» **Task directions**
Please transcribe, word for word, only the lines from the one containing "Roxi Signature Second Skin Top in Ivy Green" through the last line of the records below, both included, and leave out every picture.

» **Supplied data**
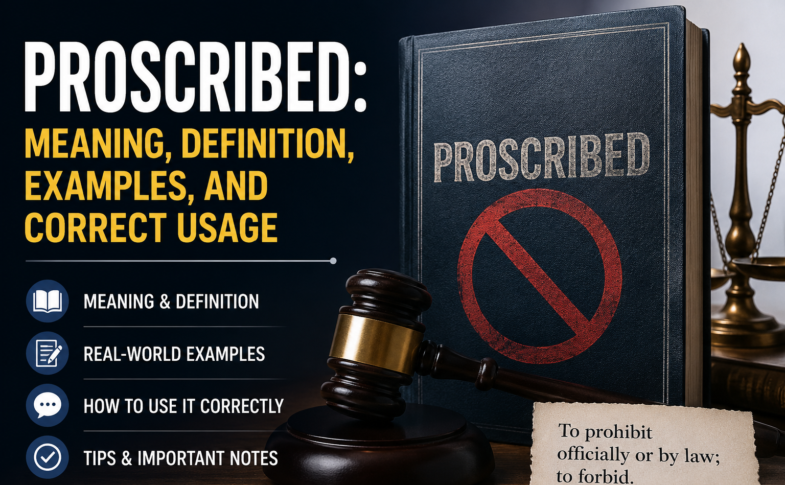 Proscribed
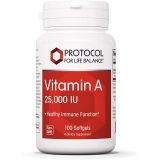 PROTOCOL FOR LIFE BALANCE Protocol Vitamin A 25,000 IU - Eye, Retina, and Immune Health - 100 Softgels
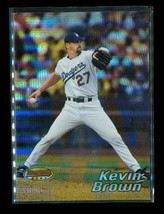 2002 Topps Bowmans Best Holochrome Baseball Trading Card #64 Kevin Brown Dodgers - £7.69 GBP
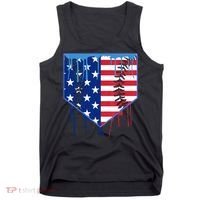 Baseball Drip Boys Ice Cream Patriotic American Flag Tank Top thumb 0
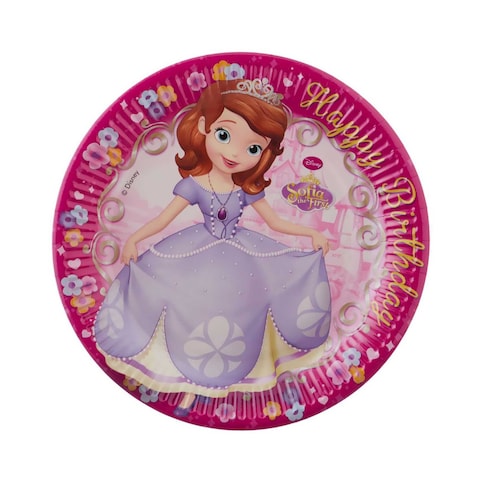 Procos Large Paper Plates - Assorted Colors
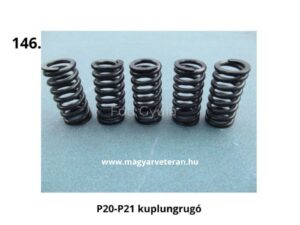 Pannónia P20 és P21 kéthengeres veterán motorkerékpár kuplungrugók, eredeti jellegű erőátviteli alkatrész, klasszikus motorfelújításhoz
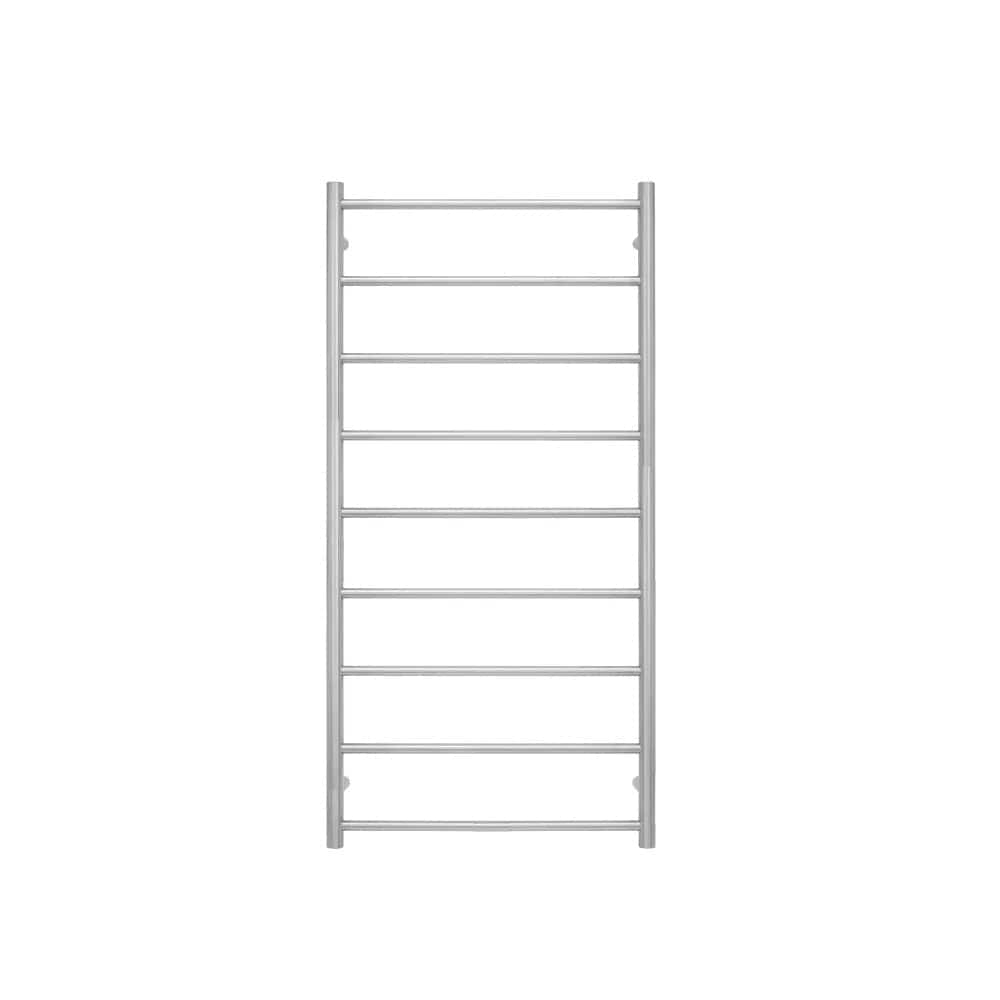 Tranquillity Heated Towel Ladder Tranquillity Jersey Round Heated Towel Ladder 1200 x 600mm | Brushed Stainless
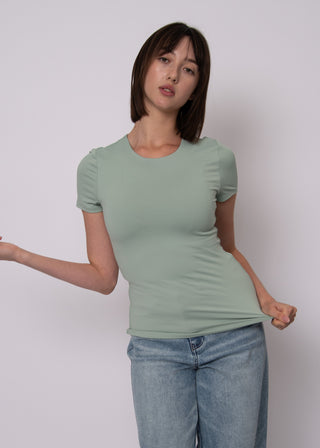 Roxi Signature Second Skin Top in Ivy Green
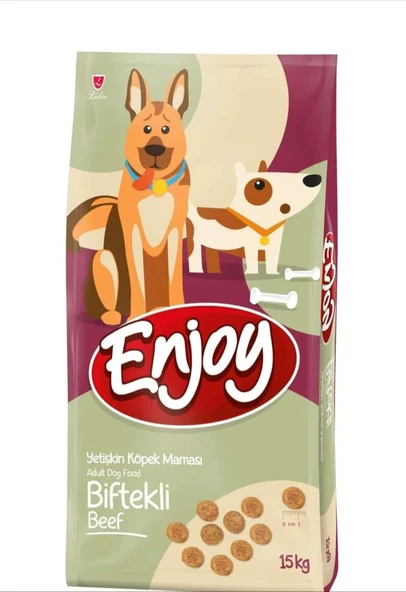 Enjoy Biftekli Yetişkin Köpek Maması 15 Kg - 2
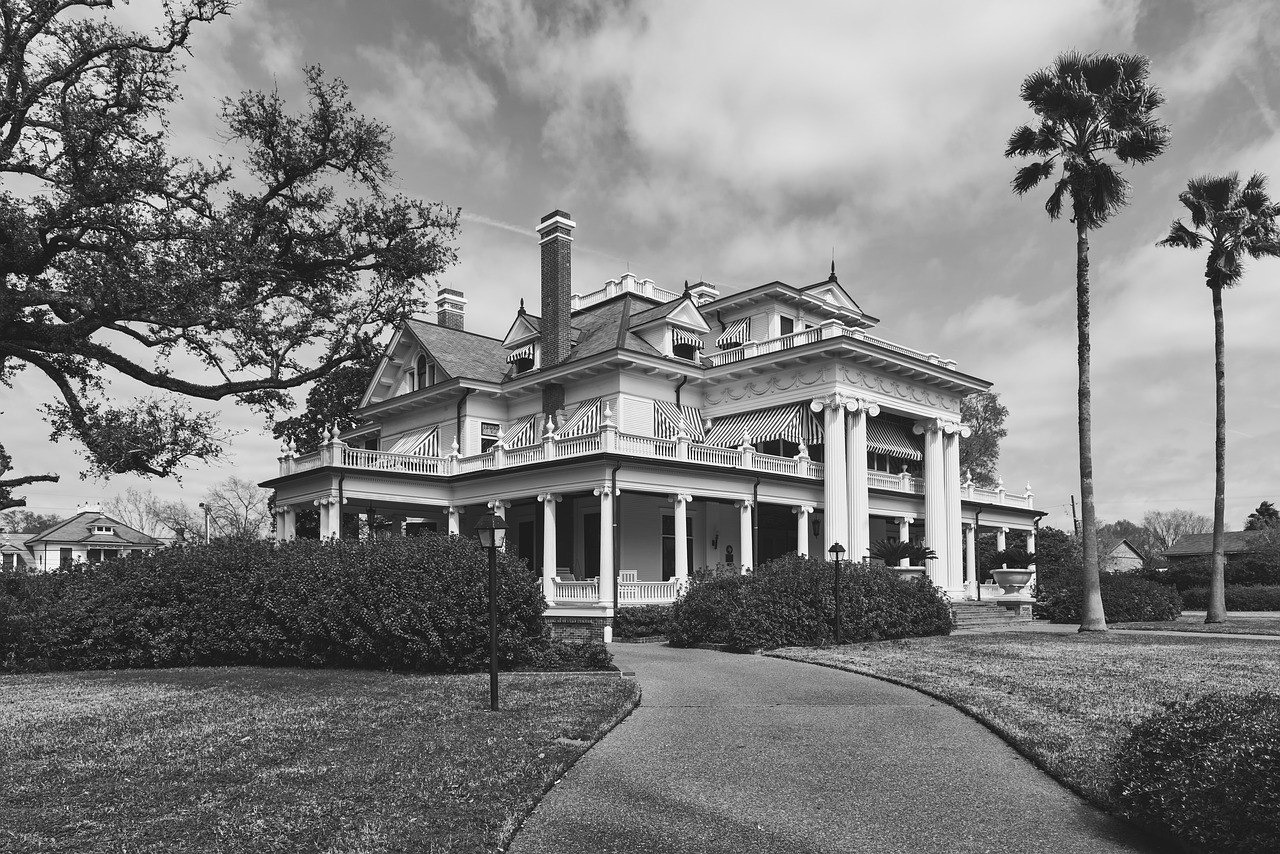 mcfaddin-ward house  mansion  architecture free photo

» **Exercise solution**
 Roxi Signature Second Skin Top in Ivy Green
 Enjoy Biftekli Yetişkin Köpek Maması 15 Kg - 2
 mcfaddin-ward house  mansion  architecture free photo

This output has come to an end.